Java tools for extracting terms from XLIFF 2.0 files.
This project is based on the paper YAKE! Keyword extraction from single documents using multiple local features by Ricardo Campos, Vítor Mangaravite, Arian Pasquali, Alípio Jorge, Célia Nunes and Adam Jatowt.
- Monolingual Term Extraction: Extract terms from source text in XLIFF files
- Bilingual Term Extraction: Extract translation pair candidates from XLIFF files with confirmed translations
- Automatic Deduplication: Intelligent merging of similar terms
- Multiple Quality Filters: Co-occurrence, mutual best match, and relevance-based filtering
- Java 21 (get it from https://adoptium.net/)
- Gradle 9.2 or newer (get it from https://gradle.org/install/)
Follow these steps to build the project:
git clone https://github.com/rmraya/Terms.git
cd Terms
gradleA binary distribution will be created in /dist folder.
Execute dist/extractTerms.sh or dist\extractTerms.cmd and the program will display the following usage information:
INFO: Usage:
termExtractor [-version] [-help] -xliff xliffFile [-output outputFile] [-minFreq frequency] [-maxLength length] [-maxScore score] [-generic] [-debug]
Where:
-version: (optional) Display version information and exit
-help: (optional) Display this usage information and exit
-xliff: The XLIFF file to process
-output: (optional) The output file where the terms will be written
-maxLength: (optional) The maximum number of words in a term.

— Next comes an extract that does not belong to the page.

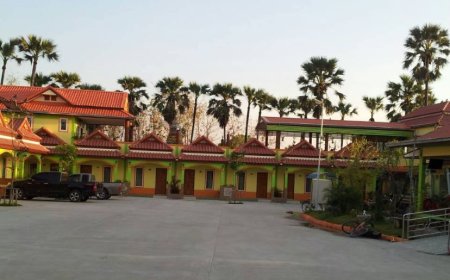 ร่มรื่น รีสอร์ท Romruen Resort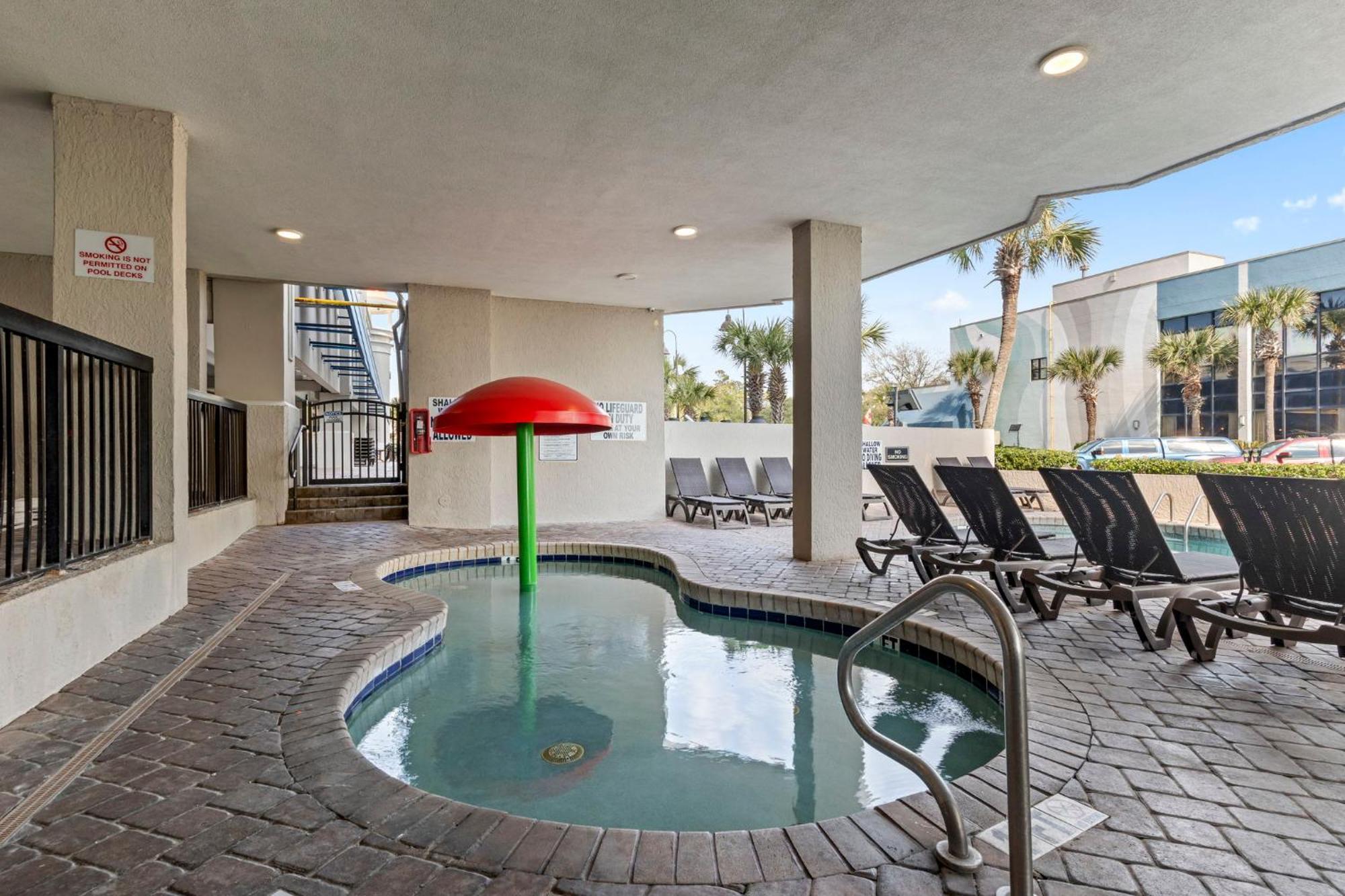 Oceanfront 1br Suite! Perfect For 8 Guests!- Pinnacle Tower 1456 Holiday home Myrtle Beach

Default: 3
-minFreq: (optional) The minimum frequency for a term to be considered. Default: 3
-maxScore: (optional) The maximum score for a term to be considered. Default: 0.001
-generic: (optional) Include terms with relevance < 1.0. Default: false
-debug: (optional) Enable debug mode with detailed logging. Default: falseBy default, the program extracts terms with a minimum frequency of 3, a maximum length of 3 words, and a maximum score of 10.0. All terms (both single-word and multi-word) are included by default.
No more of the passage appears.